## YOUR ASSIGNMENT
Transcribe exactly the line containing "Fintie Hülle für" plus every later line in the data.

***** RECORDS FOR THIS EXERCISE *****

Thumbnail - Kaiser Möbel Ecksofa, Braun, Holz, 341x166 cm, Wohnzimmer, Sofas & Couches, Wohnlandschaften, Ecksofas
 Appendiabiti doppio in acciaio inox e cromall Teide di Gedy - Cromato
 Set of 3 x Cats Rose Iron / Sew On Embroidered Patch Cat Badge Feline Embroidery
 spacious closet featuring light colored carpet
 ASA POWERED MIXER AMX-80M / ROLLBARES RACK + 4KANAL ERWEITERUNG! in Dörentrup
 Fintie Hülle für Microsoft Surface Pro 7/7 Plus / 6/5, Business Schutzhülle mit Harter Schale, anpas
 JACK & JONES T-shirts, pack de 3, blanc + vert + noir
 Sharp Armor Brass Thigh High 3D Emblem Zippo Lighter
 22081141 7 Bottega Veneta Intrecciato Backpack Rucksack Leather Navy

*****

## TASK RESPONSE
 Fintie Hülle für Microsoft Surface Pro 7/7 Plus / 6/5, Business Schutzhülle mit Harter Schale, anpas
 JACK & JONES T-shirts, pack de 3, blanc + vert + noir
 Sharp Armor Brass Thigh High 3D Emblem Zippo Lighter
 22081141 7 Bottega Veneta Intrecciato Backpack Rucksack Leather Navy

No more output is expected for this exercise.